Wednesday, December 9, 2015

The Book of My Life (Reader Response 20)

While I love reading the Chapters in Imaginative Writing - each one explaining aspects of the craft in different ways - I had a lot of trouble siting down an committing to talking about one of the stories in this chapter besides Tandolfo the Great, which I responded to earlier this semester.
After a lot of deliberating, I decided upon The Book of My Life, partly because of it being creative non-fiction, which I don't often get to read, and partly because the way the narrator described his Professor reminded me of a teacher I had in high school.

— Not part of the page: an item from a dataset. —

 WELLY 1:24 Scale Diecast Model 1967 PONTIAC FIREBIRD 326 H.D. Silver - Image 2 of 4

Technically he wasn't a teacher yet.  He was still a student, a paid assistant to our teacher on who would soon be on maternity leave.  It was months into the semester, her reactions to students growing harsher with every day her child swelled in her belly.  When she left in the middle of the year to tend to her newborn, it was as if the class had been freed.  All we had was our class assistant, Mr. X [Let's just assume his last name was actually X...].  Mr. X became our teacher the remainder of the semester.  But we didn't really call him Mr. X.  We called him Saint X.  To his face.  I have to admit it's a ;little embarrassing, and he insisted it wasn't right, but he was an angel compared to our teacher and he understood us, and helped us out of hell.  I remember a joke shrine in the corner of the classroom, and the liberation of having a teacher who still remembered what it was like being a student.

He taught us, without a fight.  He showed us he supported our passions and the causes we cared about - even if it meant buying boba for a fundraiser when he hated the drink. He promised to take some of us surfing.  He passed out phone numbers in case any of us needed someone to talk to.  He let us carry on with our hero worship because he understood us.  he was closer to us in age than anyone in authority really ever had been.  And he care about each of us in a way many of us don't get often from complete strangers.

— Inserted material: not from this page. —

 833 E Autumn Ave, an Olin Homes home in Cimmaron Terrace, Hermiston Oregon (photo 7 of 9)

I find the little slip of paper where he wrote down his first name every once in a while, remembering that over 5 years ago he promised to accept any friend request once we graduated.  Whenever I see it,  I think about what he meant to us, then and now.  But he's a human being.  And just like running into a teacher outside of school, we would one day surprise ourselves by realizing he was more than what we had seen.

I'm sometimes terrified to think of who are heroes really are, all their faults and fumbles and beliefs that they held back from us.  The problem with heroes is that most times we don't know who they are.  Not really.  Unless you limit your heroes to your immediate family or your best friends, you won't know.  And even then, you still really can't.

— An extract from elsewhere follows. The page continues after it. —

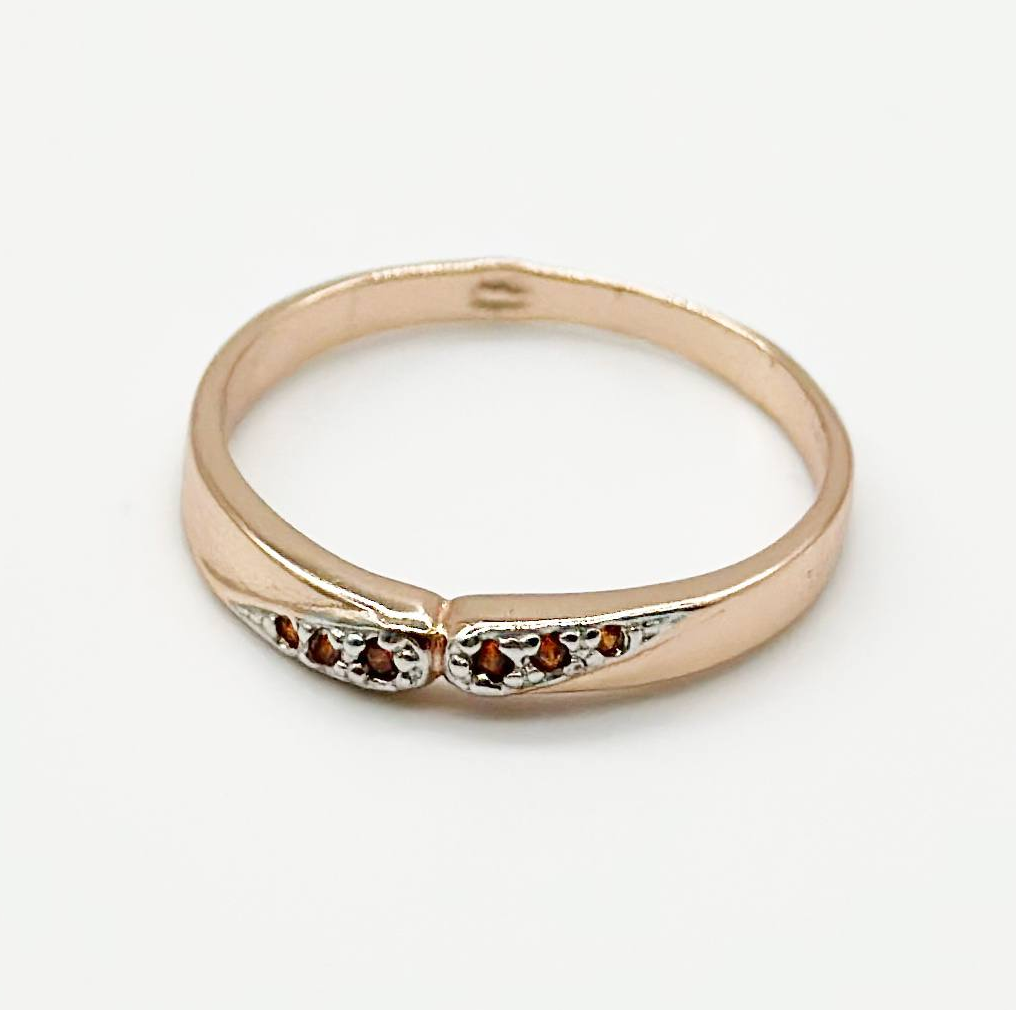 Срібна каблучка з фіанітами, Розмір 16,0, Вага: 1.6 г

Mr. X is still a saint to me.  But I call him Mr. X now, because it's what he preferred and I owe him that much.  But I never reached out after graduation and I still haven't gone in search of his Facebook.

In the non-fiction piece, the professor turns out to be someone dangerous, who taught with a mind full of things students don't learn in a classroom - ideologies and justifications that teachers usually never share.  And that's a good thing, probably.  But it prevents us from really knowing the kinds of people who inspire us and shape us.   And that is a dangerous thing, too.